1 婚姻費用・養育費と奨学金
現在、多くの学生が奨学金を利用しています。
この奨学金については、形式的にみると収入なので、それを考慮して婚姻費用・養育費を算定すべきと考えられます。
他方、奨学金を利用していない場合については、非監護親が学生の生活費の相当部分について婚姻費用・養育費として負担することとのバランスも問題となりうるでしょう。
そこで、以下、奨学金が支給される場合の婚姻費用・養育費の計算をどうするべきか、裁判例をもとに考えます。
2 東京家裁平成27年8月13日決定
東京家裁平成27年8月13日決定は以下のとおり述べます。
「申立人は,長男及び長女が奨学金の貸与を受けていることは,相手方の婚姻費用の分担義務を軽減させるべき事情とはならないと主張する。

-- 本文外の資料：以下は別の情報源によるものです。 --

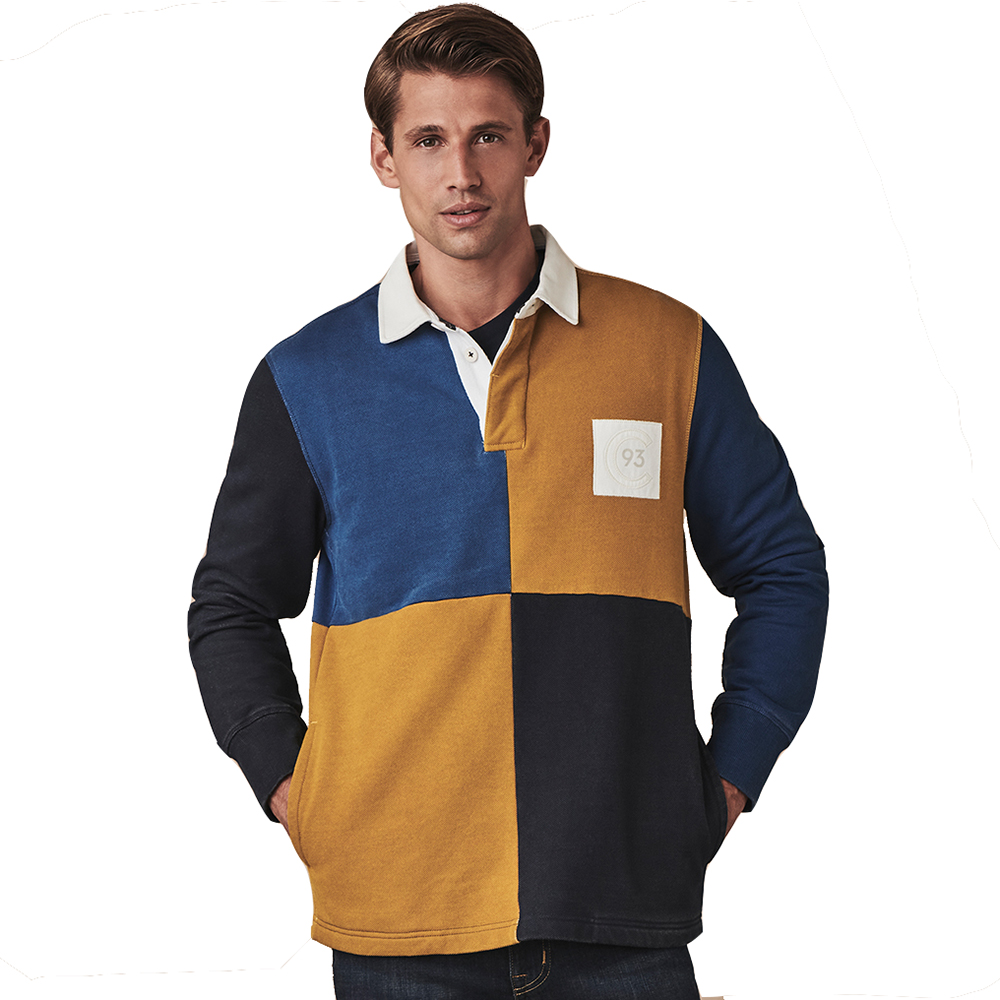 Crew Clothing Mens Colour Block Cotton Rugby Sweatshirt S - Chest 38-39.5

しかしながら,貸与とはいえ,これらの奨学金により長男及び長女の教育にかかる学費等が賄われていることは事実であり,しかも,これらの奨学金で賄われる部分については,基本的には,長男及び長女が,将来,奨学金の返済という形で負担するものであって,当事者双方が婚姻費用として分担するものではない(このことは,長男が相手方の別居を理由に奨学金の額を増額していたとしても,異なるものではない。)のであるから,奨学金の貸与の事実が,相手方の婚姻費用の分担義務を軽減させるべき事情にならないということはできない。」
このように、学生が奨学金を受けていることを非監護親の婚姻費用額を減少させる要素になるとしています。
ただし、同決定では、奨学金の額を監護者の収入に加算する等まではしていません。
学費がかかっても、算定表の枠を超えた婚姻費用を定めることはできないことの根拠としているに過ぎません。
そうだとすると、奨学金については、婚姻費用や養育費の額を減額させる一定の影響は有しているものの、そのまま収入としてカウントされるものでもないということができると思います。